Paolo Spaccamonti + Daniele Brusaschetto

Burnout (August Sessions)

Fabio, non so se conosci gli SPLAtterpinK. Sono passati alla storia per essere stati una delle prime formazioni jazzcore che l’Italia abbia mai avuto, roba che definire avanguardia nel nostro paesino di provinciali e bigotti è un eufemismo (ma nulla di realmente innovativo per chi negli stessi anni ascoltava Primus, Naked City e Blind Idiot God). Beh, insomma, qualche giorno fa è uscito il loro nuovo disco, “Mongoflashmob”, a tredici anni di distanza dal precedente “#1”. È una prova tonica e discreta, ma non è questo il punto. Mi ha colpito un aspetto della sua presentazione: il fatto che non abbia una presentazione. Questa, secondo i suoi artefici, è una scelta voluta e consapevole, per evitare di far defluire l’attenzione degli ascoltatori meno attenti verso gli aspetti accessori dei brani. Così mi sono chiesto: non è che in discoteca non ci sono mai andato per eccesso di descrizione? Non è che più che la cassa dritta e il florilegio di synth fu il mirabolante paventare di esperienze imprescindibili (altrui) a trattenermi dal lanciarmi a peso morto sul dancefloor? Per dirti: “È Da Tanto Che Non Balliamo” è un brano potenzialmente remixabilissimo, pronto per girare in loop e transustanziarsi in puro ritmo. Risucchi meccanici, feedback urticanti, scorticanti folate harsh: come degli Einstürzende Neubauten convertiti al kraut rock. Vuoi mettere l’effetto, in mano ad un Gui Boratto, nel tritacarne dei Fuck Buttons? A Daniele Brusaschetto, forse, non farebbe né caldo né freddo. Ma tu, tu che lo conosci, lo Spaccamonti che decantasti (-ammo), il sodale di Julia Kent e l’eroe dei due mondi (e della sei corde), come la prenderebbe?

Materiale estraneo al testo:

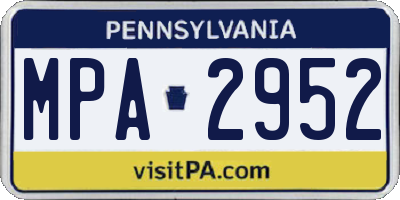 PA license plate MPA2952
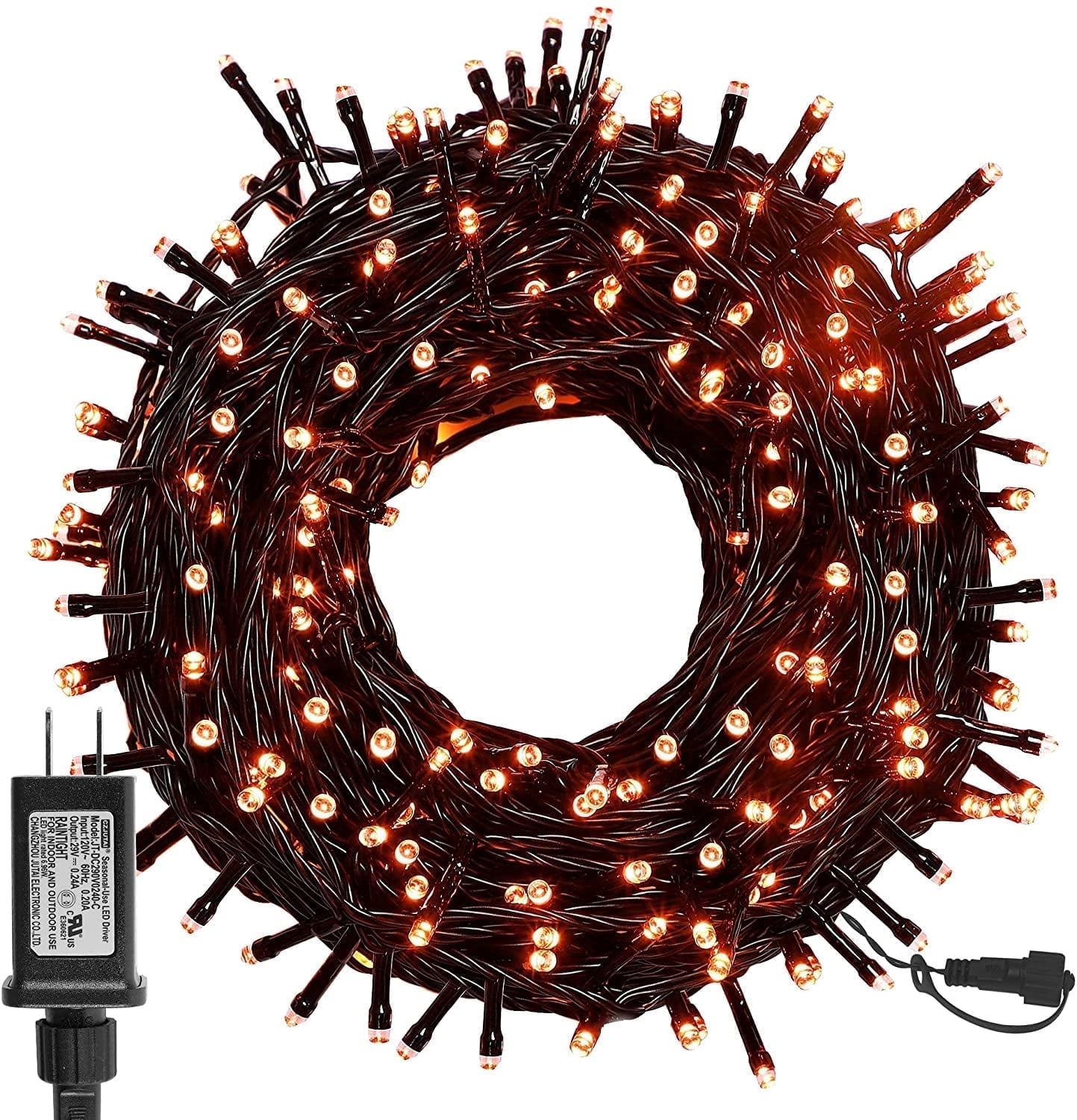 Twinkle Star Christmas Decoration String Lights, Plug-in Christmas Lights, 8 Modes Waterproof for Indoor Outdoor Christmas Tree, Orange, 300 Led, 99 ft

Oddio, Gui Boratto sarebbe un po’ esagerato, ma la prima volta in cui ascoltai “Undici Pezzi Facili” dissi a Spaccamonti: “sarebbe figo proporre a qualcuno di remixarlo in chiave elettronica”. Lui rispose “Già fatto”, e mi fece ascoltare “Drones”, remixata in chiave dubstep dal produttore torinese Nhertz: una bomba. Poi fu la volta di “Tex” rivisitata da due genietti anch’essi torinesi attivi con il nome di Epitome. Insomma, tutto ciò che è struttura circolare, reiterata e sovrapposta si presta bene al remix “intelligente”. Devo avere anche un disco dei Mogwai a tema, da qualche parte. Comunque, Paolo Spaccamonti c’era già arrivato, e chissà che non sia questo il suo prossimo traguardo. Per ora prosegue con le collaborazioni e le contaminazioni, e questa con Daniele Brusaschetto (una serie di improvvisazioni catturate in una cassettina stampata in appena centoventi copie) è quasi ovvia: stesso retroterra cultural-geografico, stesso approccio “libero” nei confronti degli strumenti e della musica, stessa volontà di non ripetersi, di usare il proprio stile come avamposto creativo, di rendersi riconoscibili in contesti diversi. Il risultato è perfetto, sia nei momenti in cui osa (“Agosto”, “Take 1”), che in quelli in cui culla (delizioso quello “Spacchetto” appena squarciato dai feedback), dimostrando che i due hanno dalla loro una creatività tale da poter rendere interessanti anche i territori già ampiamente battuti del post rock. Il motivo di tanta grazia, però, devo ancora capirlo. Sarà quella Mole Antonelliana sullo sfondo della copertina?